Classical Molecular Dynamics (MD) and Finite Element (FE) simulation methods are used by scientists and engineers to optimize material designs for different applications or to understand the formation of these materials in manufacturing. But these techniques contain approximations and have limitations in simulating large numbers of atoms and are not invertible for reverse optimization.

First principles analytical physics methods [1] provide the ability to understand how small-scale effects can lead to large scale failure problems.  Making it possible to speed up your troubleshooting optimization cycle.

Due to hyper efficient mathematical physics that is scale invariant (from small to large scale analysis) and invertible (reverse optimizable), the analytical approach takes a few minutes to set up the design problem.  The unprecedented simulation speed means it requires just a few seconds to calculate the material performance under desired contact loading conditions.

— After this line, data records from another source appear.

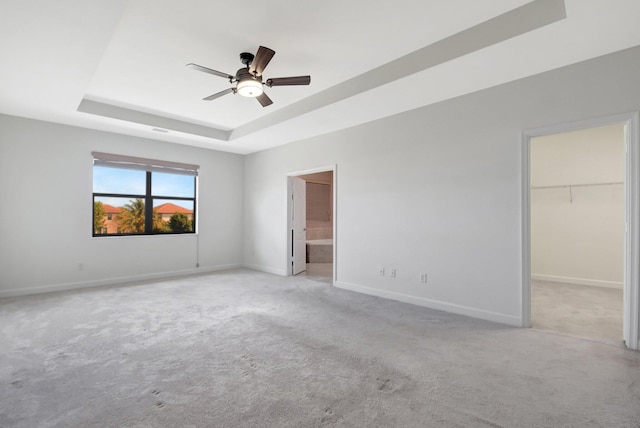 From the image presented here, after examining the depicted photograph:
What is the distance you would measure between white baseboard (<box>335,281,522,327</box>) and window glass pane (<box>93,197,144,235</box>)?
4016mm

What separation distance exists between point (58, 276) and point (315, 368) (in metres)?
4.75

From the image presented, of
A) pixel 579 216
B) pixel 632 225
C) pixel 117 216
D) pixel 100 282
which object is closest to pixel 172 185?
pixel 117 216

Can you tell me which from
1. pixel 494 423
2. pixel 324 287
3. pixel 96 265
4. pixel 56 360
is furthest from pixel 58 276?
pixel 494 423

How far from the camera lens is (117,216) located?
560cm

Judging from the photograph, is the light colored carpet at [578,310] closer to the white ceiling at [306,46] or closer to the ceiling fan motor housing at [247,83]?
the white ceiling at [306,46]

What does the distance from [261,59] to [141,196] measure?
4256mm

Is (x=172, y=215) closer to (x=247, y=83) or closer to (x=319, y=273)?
(x=319, y=273)

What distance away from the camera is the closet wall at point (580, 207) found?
4.90 metres

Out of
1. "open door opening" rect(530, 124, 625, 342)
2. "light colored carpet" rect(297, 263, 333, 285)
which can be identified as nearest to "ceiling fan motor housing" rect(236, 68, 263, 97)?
"light colored carpet" rect(297, 263, 333, 285)

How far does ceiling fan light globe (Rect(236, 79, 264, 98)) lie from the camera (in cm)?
297

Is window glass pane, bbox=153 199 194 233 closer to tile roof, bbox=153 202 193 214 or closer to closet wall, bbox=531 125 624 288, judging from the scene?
tile roof, bbox=153 202 193 214

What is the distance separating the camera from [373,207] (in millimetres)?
4586

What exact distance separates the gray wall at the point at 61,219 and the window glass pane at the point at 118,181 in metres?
0.23

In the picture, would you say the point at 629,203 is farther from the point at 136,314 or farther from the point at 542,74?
the point at 136,314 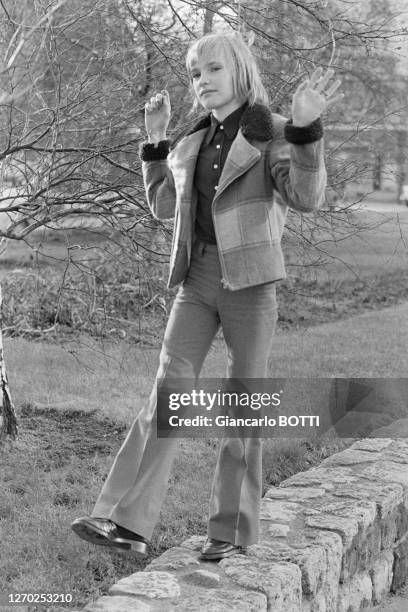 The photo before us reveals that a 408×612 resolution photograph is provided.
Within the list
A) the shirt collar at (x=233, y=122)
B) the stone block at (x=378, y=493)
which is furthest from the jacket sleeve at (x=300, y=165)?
the stone block at (x=378, y=493)

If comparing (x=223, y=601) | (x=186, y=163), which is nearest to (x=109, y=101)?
(x=186, y=163)

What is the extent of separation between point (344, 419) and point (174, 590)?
3181 millimetres

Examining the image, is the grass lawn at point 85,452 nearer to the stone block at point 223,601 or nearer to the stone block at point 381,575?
the stone block at point 223,601

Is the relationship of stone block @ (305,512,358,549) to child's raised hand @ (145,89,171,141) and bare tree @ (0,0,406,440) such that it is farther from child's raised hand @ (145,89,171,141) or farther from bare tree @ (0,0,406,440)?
child's raised hand @ (145,89,171,141)

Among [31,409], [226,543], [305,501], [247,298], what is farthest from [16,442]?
[247,298]

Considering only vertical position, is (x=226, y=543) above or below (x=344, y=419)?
below

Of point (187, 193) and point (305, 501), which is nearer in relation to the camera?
point (187, 193)

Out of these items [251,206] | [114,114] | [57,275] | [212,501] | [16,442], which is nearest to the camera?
[251,206]

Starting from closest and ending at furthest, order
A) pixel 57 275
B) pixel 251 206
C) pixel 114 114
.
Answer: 1. pixel 251 206
2. pixel 114 114
3. pixel 57 275

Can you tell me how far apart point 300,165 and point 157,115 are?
71cm

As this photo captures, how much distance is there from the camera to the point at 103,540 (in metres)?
3.07

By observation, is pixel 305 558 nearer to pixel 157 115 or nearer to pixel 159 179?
pixel 159 179

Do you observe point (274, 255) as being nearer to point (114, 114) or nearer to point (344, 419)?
point (114, 114)

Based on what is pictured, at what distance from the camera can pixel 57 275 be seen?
9875mm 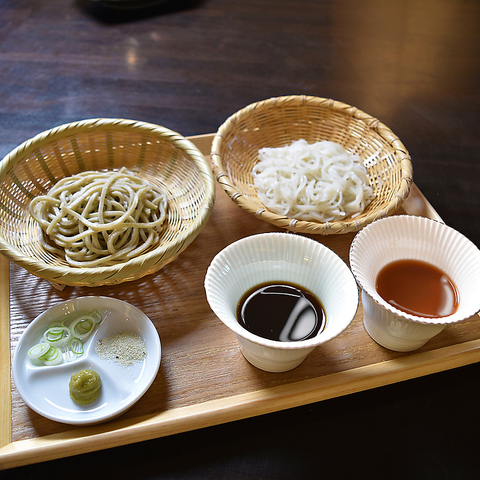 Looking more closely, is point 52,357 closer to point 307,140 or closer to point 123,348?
point 123,348

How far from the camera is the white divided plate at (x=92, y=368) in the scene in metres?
1.08

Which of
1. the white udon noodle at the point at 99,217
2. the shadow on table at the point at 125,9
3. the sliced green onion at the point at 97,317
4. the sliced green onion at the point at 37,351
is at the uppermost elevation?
the shadow on table at the point at 125,9

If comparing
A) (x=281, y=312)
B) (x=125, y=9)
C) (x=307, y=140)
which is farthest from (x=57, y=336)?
(x=125, y=9)

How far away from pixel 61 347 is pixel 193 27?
2601 millimetres

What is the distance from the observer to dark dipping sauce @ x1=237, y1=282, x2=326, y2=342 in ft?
3.81

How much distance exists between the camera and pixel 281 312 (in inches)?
47.6

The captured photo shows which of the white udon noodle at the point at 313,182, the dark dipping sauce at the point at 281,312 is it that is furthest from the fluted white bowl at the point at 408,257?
the white udon noodle at the point at 313,182

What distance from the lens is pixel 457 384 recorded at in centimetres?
131

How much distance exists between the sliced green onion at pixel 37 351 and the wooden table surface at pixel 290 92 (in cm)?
28

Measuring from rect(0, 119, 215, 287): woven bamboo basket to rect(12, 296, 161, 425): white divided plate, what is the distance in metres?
0.11

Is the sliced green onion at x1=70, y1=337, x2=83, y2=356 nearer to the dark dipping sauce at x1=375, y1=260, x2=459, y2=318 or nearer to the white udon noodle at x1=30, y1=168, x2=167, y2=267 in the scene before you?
the white udon noodle at x1=30, y1=168, x2=167, y2=267

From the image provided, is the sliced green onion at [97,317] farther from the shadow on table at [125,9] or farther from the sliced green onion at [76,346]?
the shadow on table at [125,9]

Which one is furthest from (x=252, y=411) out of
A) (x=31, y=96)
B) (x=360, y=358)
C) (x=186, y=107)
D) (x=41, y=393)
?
(x=31, y=96)

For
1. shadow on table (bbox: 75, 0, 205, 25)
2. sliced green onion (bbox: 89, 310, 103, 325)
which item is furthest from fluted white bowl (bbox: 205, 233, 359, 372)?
shadow on table (bbox: 75, 0, 205, 25) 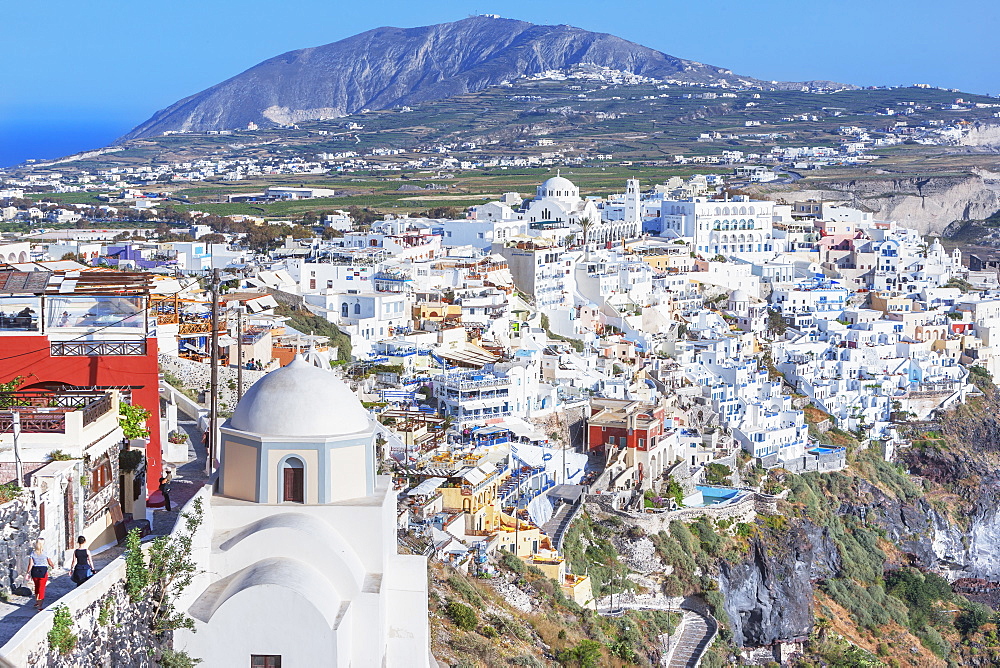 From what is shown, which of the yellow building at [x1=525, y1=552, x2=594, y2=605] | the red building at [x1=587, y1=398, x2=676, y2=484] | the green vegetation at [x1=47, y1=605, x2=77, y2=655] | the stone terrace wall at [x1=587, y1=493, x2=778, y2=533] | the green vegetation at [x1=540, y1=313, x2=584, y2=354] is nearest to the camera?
the green vegetation at [x1=47, y1=605, x2=77, y2=655]

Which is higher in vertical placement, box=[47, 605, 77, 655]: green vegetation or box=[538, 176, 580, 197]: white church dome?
box=[538, 176, 580, 197]: white church dome

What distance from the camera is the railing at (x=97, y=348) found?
11164 mm

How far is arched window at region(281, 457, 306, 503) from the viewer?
8.55 meters

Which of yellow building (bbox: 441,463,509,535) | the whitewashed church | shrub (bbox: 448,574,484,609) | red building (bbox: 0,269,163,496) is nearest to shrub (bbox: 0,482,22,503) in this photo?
the whitewashed church

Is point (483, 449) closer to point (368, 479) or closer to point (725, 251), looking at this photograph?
point (368, 479)

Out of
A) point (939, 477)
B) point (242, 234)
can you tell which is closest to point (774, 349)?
point (939, 477)

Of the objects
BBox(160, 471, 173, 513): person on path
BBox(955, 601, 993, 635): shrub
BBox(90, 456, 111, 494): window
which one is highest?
BBox(90, 456, 111, 494): window

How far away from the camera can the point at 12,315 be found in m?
12.1

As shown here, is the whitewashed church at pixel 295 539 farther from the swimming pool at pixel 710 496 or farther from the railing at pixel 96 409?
the swimming pool at pixel 710 496

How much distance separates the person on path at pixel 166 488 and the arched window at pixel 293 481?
2.14m

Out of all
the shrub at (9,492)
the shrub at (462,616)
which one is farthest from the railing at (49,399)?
the shrub at (462,616)

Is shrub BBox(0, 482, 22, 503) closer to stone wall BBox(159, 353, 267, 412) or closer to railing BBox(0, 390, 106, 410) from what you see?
railing BBox(0, 390, 106, 410)

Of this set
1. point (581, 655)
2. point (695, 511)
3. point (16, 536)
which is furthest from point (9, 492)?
point (695, 511)

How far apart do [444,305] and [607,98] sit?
112 metres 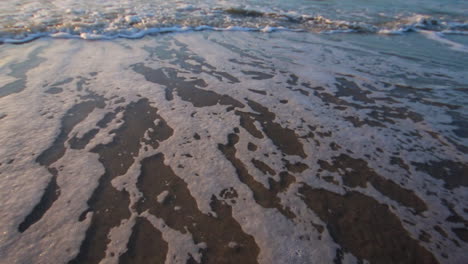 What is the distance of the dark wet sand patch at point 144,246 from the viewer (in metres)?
1.56

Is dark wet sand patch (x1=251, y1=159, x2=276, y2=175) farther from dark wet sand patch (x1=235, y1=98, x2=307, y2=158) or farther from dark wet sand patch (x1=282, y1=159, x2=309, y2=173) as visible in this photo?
dark wet sand patch (x1=235, y1=98, x2=307, y2=158)

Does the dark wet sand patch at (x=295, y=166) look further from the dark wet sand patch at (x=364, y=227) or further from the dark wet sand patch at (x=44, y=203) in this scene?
the dark wet sand patch at (x=44, y=203)

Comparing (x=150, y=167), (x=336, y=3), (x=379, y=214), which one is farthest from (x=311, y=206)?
(x=336, y=3)

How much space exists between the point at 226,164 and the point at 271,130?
72cm

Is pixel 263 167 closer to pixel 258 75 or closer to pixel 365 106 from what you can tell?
pixel 365 106

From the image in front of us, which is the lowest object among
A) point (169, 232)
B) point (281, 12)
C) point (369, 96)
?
point (169, 232)

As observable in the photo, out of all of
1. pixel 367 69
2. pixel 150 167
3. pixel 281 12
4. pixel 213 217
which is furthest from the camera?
pixel 281 12

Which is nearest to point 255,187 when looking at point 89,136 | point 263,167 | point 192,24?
point 263,167

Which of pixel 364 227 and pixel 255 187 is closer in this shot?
pixel 364 227

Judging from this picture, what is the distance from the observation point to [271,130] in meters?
2.78

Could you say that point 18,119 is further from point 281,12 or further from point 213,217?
point 281,12

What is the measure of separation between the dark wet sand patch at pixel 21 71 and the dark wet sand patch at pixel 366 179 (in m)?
3.55

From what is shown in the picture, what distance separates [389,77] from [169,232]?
4.00 metres

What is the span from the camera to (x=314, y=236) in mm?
1739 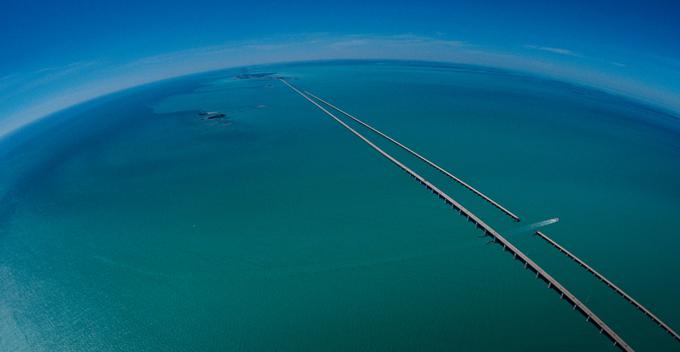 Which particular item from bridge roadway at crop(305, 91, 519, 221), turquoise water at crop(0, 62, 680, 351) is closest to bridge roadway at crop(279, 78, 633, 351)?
turquoise water at crop(0, 62, 680, 351)

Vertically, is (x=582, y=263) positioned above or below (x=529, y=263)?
below

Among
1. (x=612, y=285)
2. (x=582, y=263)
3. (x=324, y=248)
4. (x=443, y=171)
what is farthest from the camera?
(x=443, y=171)

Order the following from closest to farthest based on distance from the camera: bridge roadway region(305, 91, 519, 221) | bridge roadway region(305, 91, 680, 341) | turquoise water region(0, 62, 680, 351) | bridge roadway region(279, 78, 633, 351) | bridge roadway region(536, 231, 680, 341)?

The use of experimental measurement data input to the simulation allows a layer structure refinement to ensure agreement with experiment and competing methods such as FE and MD. However, without the limitations of those latter methods, in seconds you can run different thought experiments on your laptop if experimental techniques are not available.

Graphene and Graphene-Like Materials

2D graph of von Mises stress for the orbital fields of Graphene on Copper foil under an applied load

MD approaches use effective potentials with corrections and therefore, not a fundamental 1st principles approach. They are not accurate if going for more than 1000 atoms as they still use tight binding approximations. Today’s workstations may now do the MD calculations within a week, but FD is still just a few seconds on a 1.6GHz, 4-core laptop.

3D view of von Mises stress for the orbital fields of Graphene on Copper foil under an applied load showing a critical load is reached at the lower sigma to Pi interface.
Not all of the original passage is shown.